Nov
05
2024

Recently Pat Murphy of Community Solutions published his third book on energy conservation, Spinning Our Wheels, in which he examines myths about the electric car.

Murphy examines cars, consumption

Electric cars may not be the answer to reducing our dependence on fossil fuels, says local author Pat Murphy in his recently-released book, Spinning Our Wheels.

Instead, Murphy proposes, we should share rides to increase transportation’s efficiency and reduce the number of total cars on the road.

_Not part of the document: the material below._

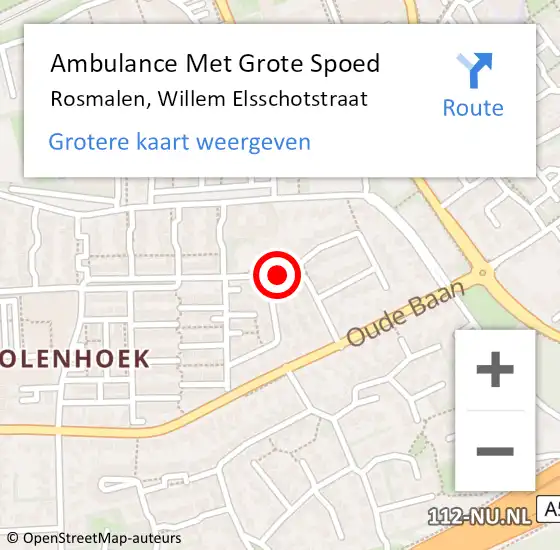 Locatie op kaart van de 112 melding: Ambulance Met Grote Spoed Naar Rosmalen, Willem Elsschotstraat op 23 mei 2019 16:30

“The popular way this has been promoted is to note the electric car doesn’t emit CO2,” Murphy said in a recent interview. “But [CO2] is emitted at a few thousand power plants in the U.S. with coal and natural gas the leading fuels in electricity production.”

Murphy challenges what he considers misleading statements by automobile companies and U.S. government officials in the book, published in July by his organization, local nonprofit Community Solutions.

“The claims made for these new products imply revolutionary breakthroughs that eliminate any need to actually reduce consumption,” Murphy writes in the book’s preface. “It allows the continuation of the dream of a car (or two or three) in every garage in every household in the world.”

In his book Murphy cites a growing number of technological challenges, including an insufficient global supply of the lithium used in electric vehicles’ batteries, the high cost of the vehicles, and short battery ranges of fewer than 100 miles.

Even if these problems were overcome, Murphy said, the electric car still only generates 15 to 20 percent less carbon dioxide than the internal combustion engine — nowhere near the 80 to 90 percent reduction required to forestall climate changes.

“We need to start reducing the number of power plants now,” Murphy said. “If we committed to the electric car, we will be committing to more power plants over the next 20 years.”

The 96-page book is available for free download from Community Solutions’ Web site, http://www.communitysolution.org, or in hard-copy format for $12.95 from the site or the office at 114 East Whiteman Street.

Spinning Our Wheels is the second in a series of three books Murphy is writing on how to dramatically reduce energy use in the areas of personal car use, building operation and food consumption, which together account for two-thirds of total U.S. energy use. Before the series, Murphy published the more theoretical tome, Plan C: Community Survival Strategies for Peak Oil and Climate Change, which came out in 2008 from New Society Publishers.  

Last fall, Community Solutions published The Green Tragedy: LEED’s Lost Decade, which critiques the government program Energy Star and U.S. Green Building Council’s LEED certification for their low energy reduction targets and performance.

“This book is intended to expose the false solution of LEED,” Murphy writes in the preface. “It calls for more stringent energy requirements and argues that human survival is dependent on lowering CO2 emissions, not garnering green points.”

In The Green Tragedy, Murphy suggests as an alternative the German Passive House standard, which has been shown to reduce building energy consumption by 80 to 90 percent using thick, tight building construction.

“I’m trying to provide solutions that will meet the reduction in a timely way,” Murphy said. “My object is to find off-the-shelf solutions that guarantee we can meet the reduction.”

Spinning Our Wheels includes a section on the Smart Jitney, a ridesharing model Murphy invented that uses cell phone and GPS technology to increase vehicle occupancy from one-and-a-half people per vehicle to three. Murphy is currently working with Sean O’Sullivan of the Irish company Avego, who has met with local Miami Valley Regional Planning Commission officials and promised to make their ridesharing software available to Yellow Springs.

The working title of Murphy’s next book is Climate Change or Diet Change. The book covers the grain-based animal food system, which generates nearly 20 percent of global carbon dioxide emissions.

Community Solutions, formerly Community Service, Inc., has taught about small, local community living for the last 70 years, more recently focusing on reducing energy consumption.

“Small, local communities are always more energy-efficient,” Murphy said. “So communities such as Yellow Springs are ultimately the way we’ll all be living.”